Public agencies have targeted the area for acquisition because of the wetland's strategic location between two national parks (Everglades National Park and Biscayne National Park) in the watersheds of Florida Bay, Biscayne Bay, Card Sound and Barnes Sound and because of the importance of the region to endangered and threatened species.
This region is characterized by low-lying, relatively flat terrain and pronounced wet and dry seasons. During the longer wet season eighty per cent of the rain in this region falls between May and December and the average rainfall is sixty inches per year. The soils consist of relatively thin layers of poorly drained marls and mucks over the porous limestone bedrock.

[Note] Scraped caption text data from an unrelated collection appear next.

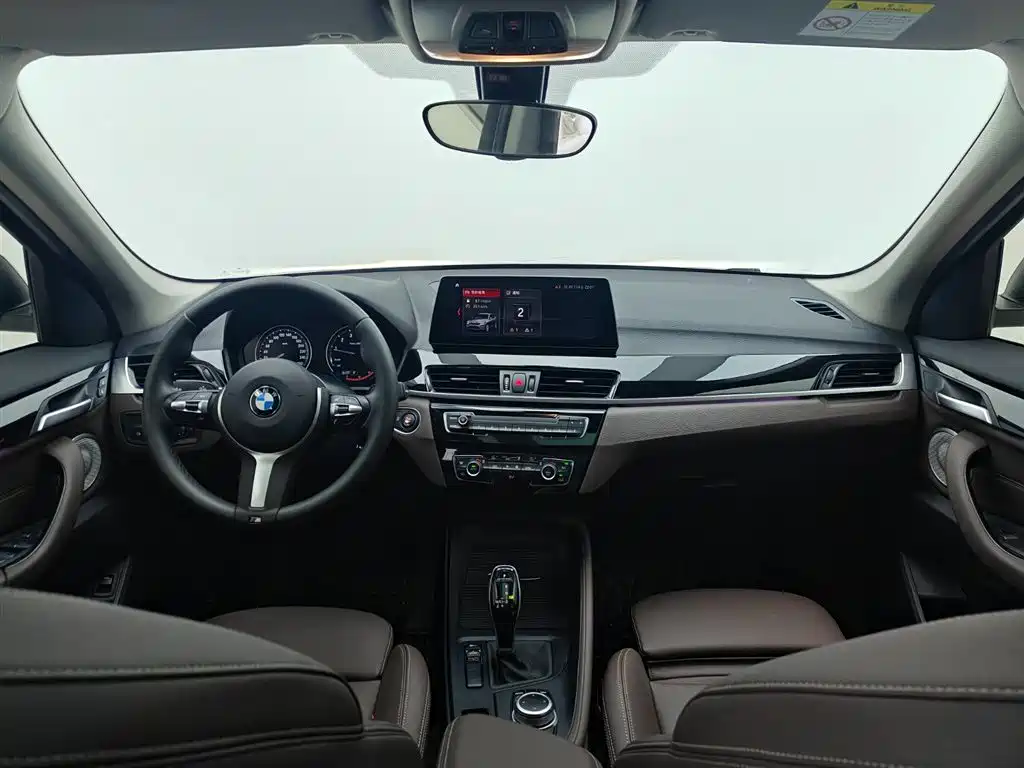 BMW X1 2021 sDrive25Li Leading фото 20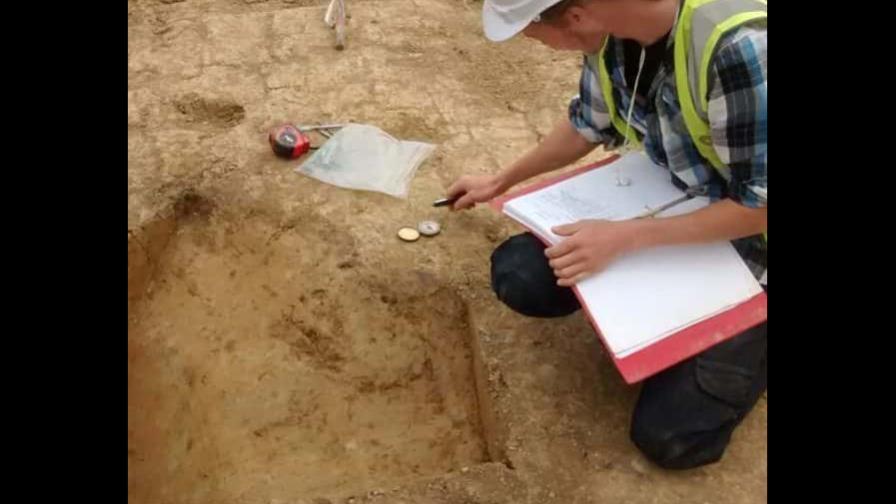 Descubren en Inglaterra escultura de 5,000 años de antigüedad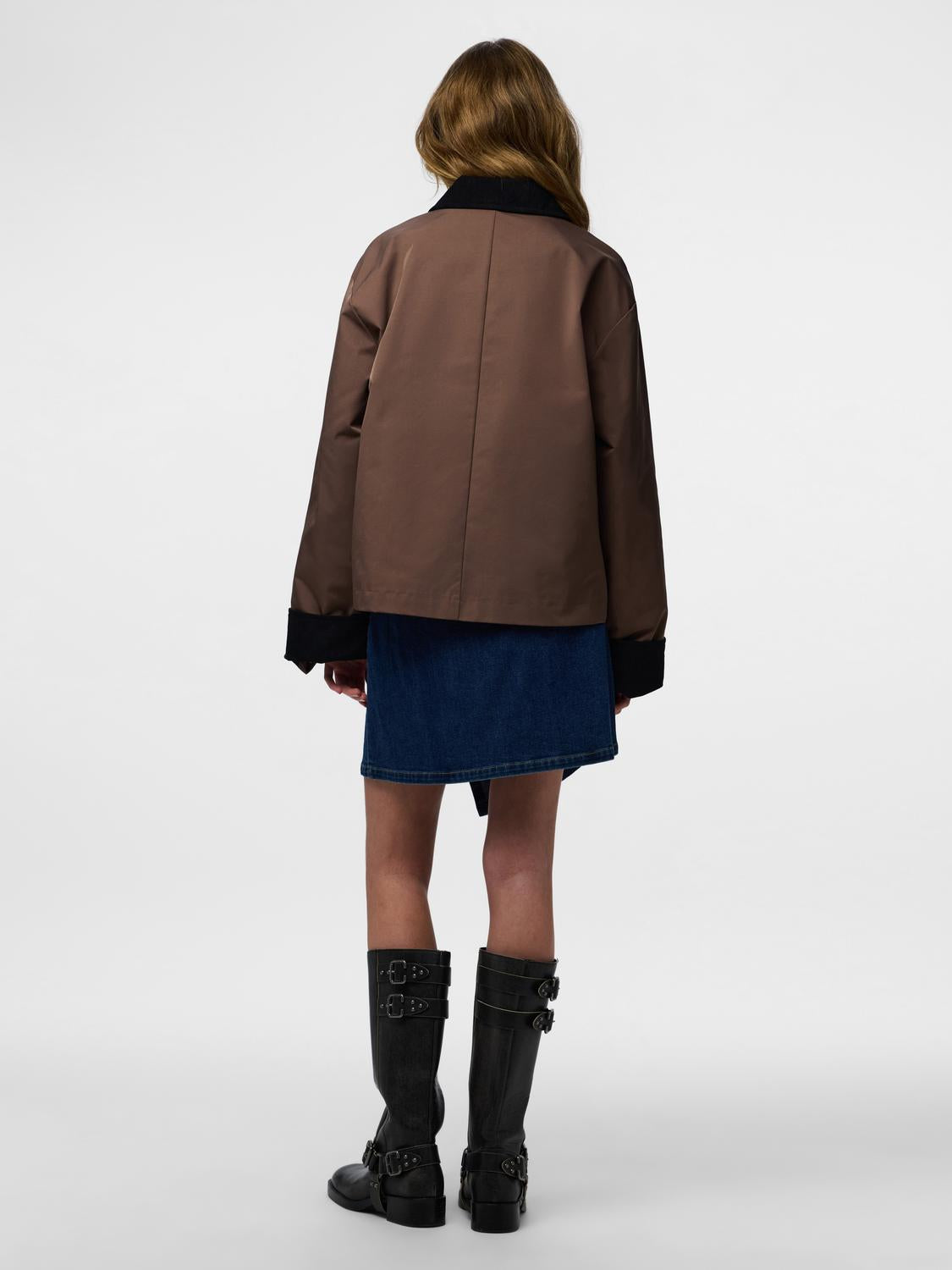 model_shot-back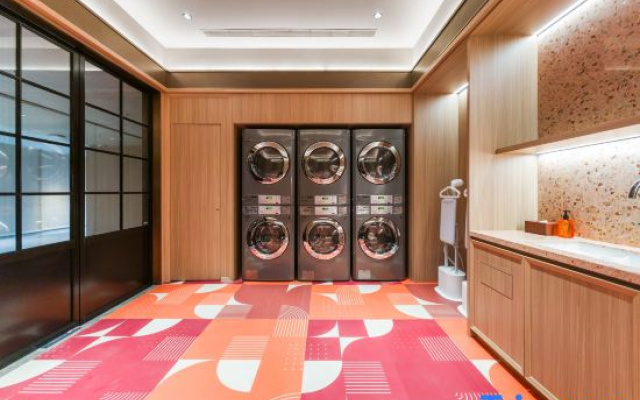 Orange Hotel (Kunshan South Railway Station Taishan Road)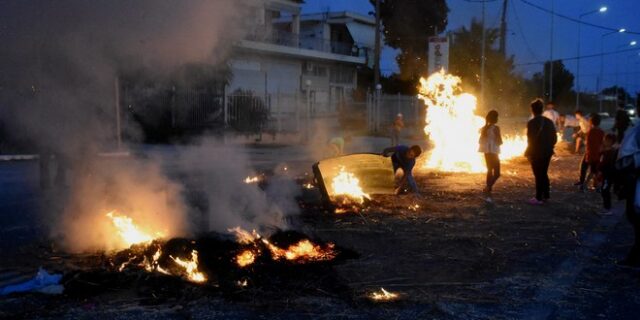 Εντάσεις σε όλη τη χώρα για τον φόνο 18χρονου ρομά – Αστυνομικοί τραυματίες από σκάγια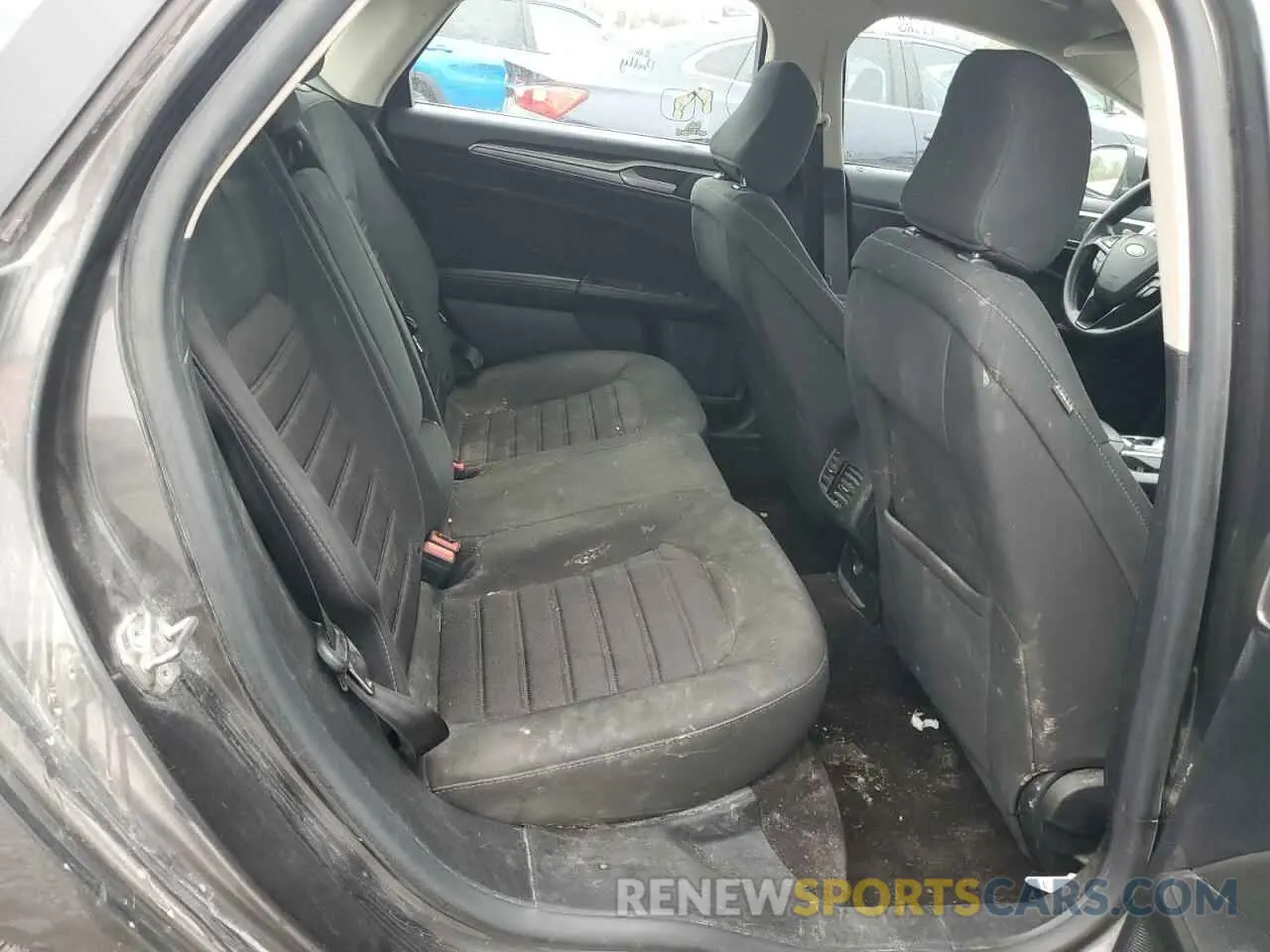10 Photograph of a damaged car 3FA6P0HD9LR181025 FORD FUSION 2020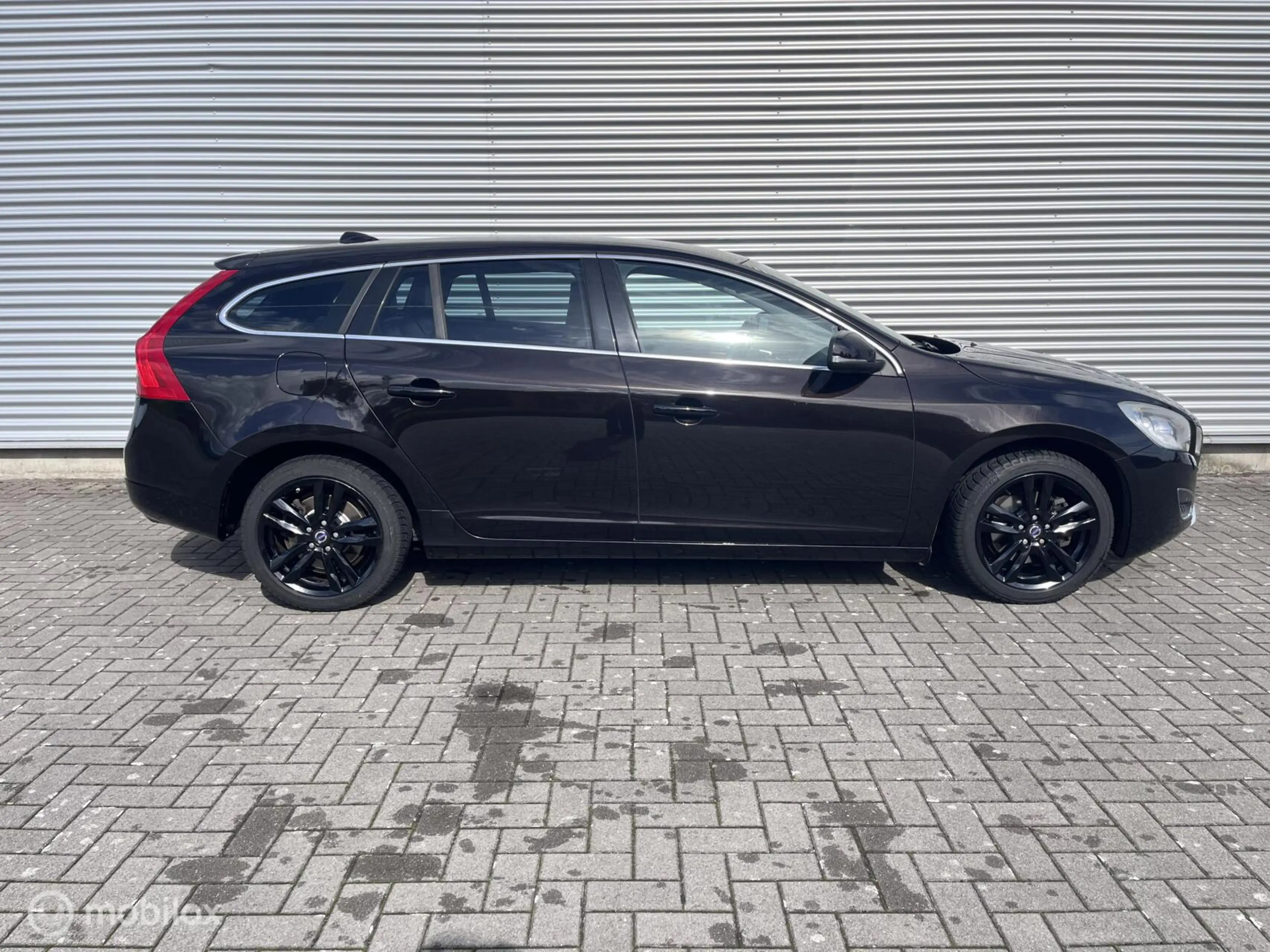 Volvo V60 1.6 T3 Summum | Stoelverwarming | — photo 4
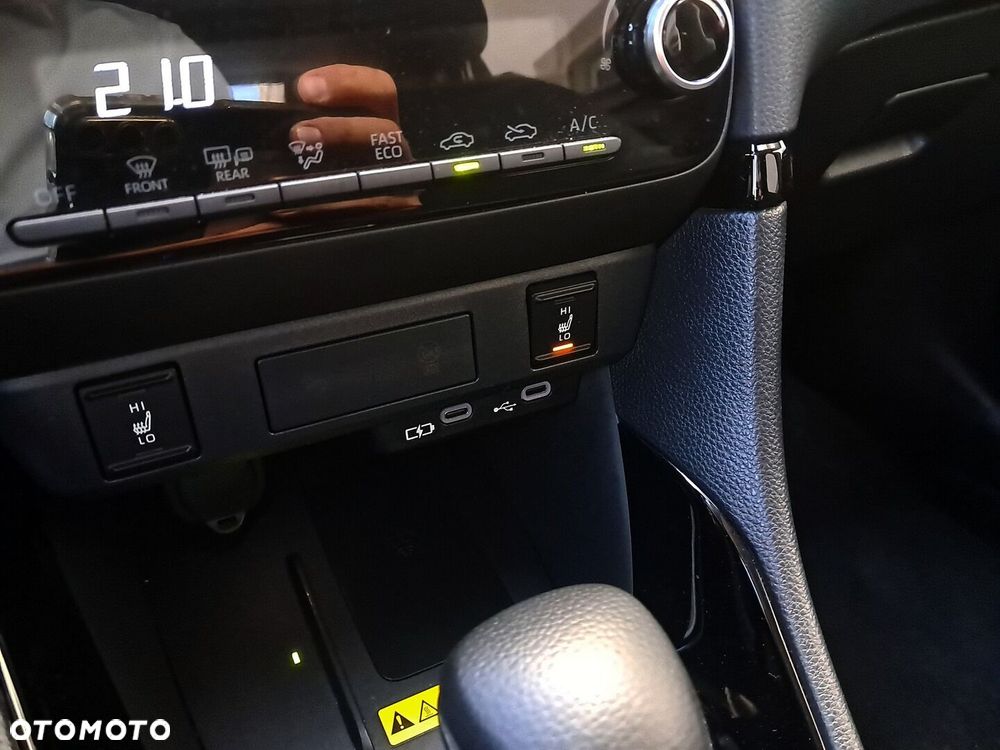 Toyota Yaris Hybrid 1.5 Style - 25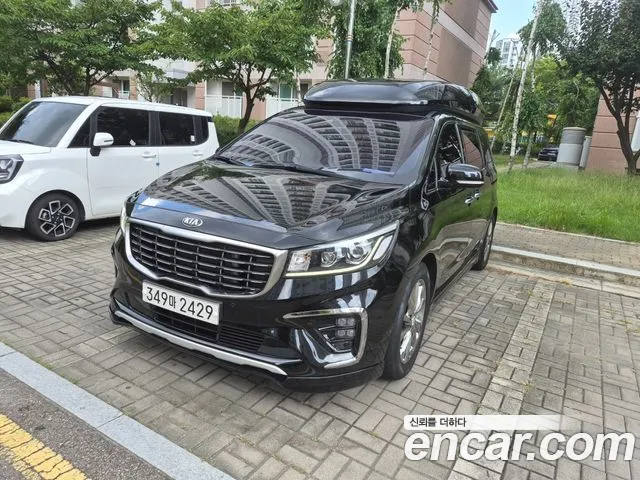 Kia Carnival 2019 thumb 11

These wetlands are home to many of South Florida's endangered species. Species of note include the Florida Panther, the American crocodile, the Cape Sable seaside sparrow, the white-crowned pigeon, the swallow-tailed kite, the Southern bald eagle and the resaete spoonbill.
Although the Everglades call up images of expansive sawgrass landscapes, there several types of wetlands here: spike rush and beak rush flats, muhly prairie, cypress stands, native dominated forested wetlands, tree islands, mangrove flats, hydric hammocks, and exotic dominated forests.
Natural disturbances, such as fire, play an important role in maintaining a diverse mosaic of vegetation communities. In addition, the EEL Program works hard to eradicate and control invasive vegetation though intense management and restoration projects.